== TASK OBJECTIVE ==
The lines to repeat are those below from the one containing "Elara™ | Relaxed" down to the one containing "Calamansi Mango Sparkling", both included; reproduce them exactly and nothing else.

(Source data)

================================

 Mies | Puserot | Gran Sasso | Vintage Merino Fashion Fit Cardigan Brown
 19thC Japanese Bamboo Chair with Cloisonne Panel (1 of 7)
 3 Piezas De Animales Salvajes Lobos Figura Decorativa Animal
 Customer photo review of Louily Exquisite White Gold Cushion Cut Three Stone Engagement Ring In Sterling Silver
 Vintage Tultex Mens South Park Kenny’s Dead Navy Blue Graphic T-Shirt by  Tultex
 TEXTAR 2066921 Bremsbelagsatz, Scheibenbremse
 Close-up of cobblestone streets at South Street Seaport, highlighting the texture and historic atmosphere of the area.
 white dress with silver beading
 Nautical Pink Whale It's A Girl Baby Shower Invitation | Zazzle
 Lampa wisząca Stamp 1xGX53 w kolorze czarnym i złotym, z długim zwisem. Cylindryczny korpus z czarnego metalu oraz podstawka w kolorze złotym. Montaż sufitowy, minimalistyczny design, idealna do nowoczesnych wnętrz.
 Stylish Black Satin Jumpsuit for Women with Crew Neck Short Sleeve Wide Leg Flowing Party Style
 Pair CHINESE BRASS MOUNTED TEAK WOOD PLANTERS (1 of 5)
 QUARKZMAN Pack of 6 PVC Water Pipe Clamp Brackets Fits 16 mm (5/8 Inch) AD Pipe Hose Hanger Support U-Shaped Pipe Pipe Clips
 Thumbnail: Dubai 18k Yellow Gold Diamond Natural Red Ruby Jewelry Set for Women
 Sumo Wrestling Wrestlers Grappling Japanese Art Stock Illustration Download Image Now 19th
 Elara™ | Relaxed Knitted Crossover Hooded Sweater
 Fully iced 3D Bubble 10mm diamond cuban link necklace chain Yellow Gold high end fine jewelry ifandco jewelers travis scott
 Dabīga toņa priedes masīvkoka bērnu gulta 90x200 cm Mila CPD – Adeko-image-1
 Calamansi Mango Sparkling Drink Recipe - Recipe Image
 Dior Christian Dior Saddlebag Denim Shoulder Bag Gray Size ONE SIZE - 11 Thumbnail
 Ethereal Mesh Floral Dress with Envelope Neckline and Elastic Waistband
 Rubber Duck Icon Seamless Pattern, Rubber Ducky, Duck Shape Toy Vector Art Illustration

================================

== OUTPUT FOR THIS EXERCISE ==
 Elara™ | Relaxed Knitted Crossover Hooded Sweater
 Fully iced 3D Bubble 10mm diamond cuban link necklace chain Yellow Gold high end fine jewelry ifandco jewelers travis scott
 Dabīga toņa priedes masīvkoka bērnu gulta 90x200 cm Mila CPD – Adeko-image-1
 Calamansi Mango Sparkling Drink Recipe - Recipe Image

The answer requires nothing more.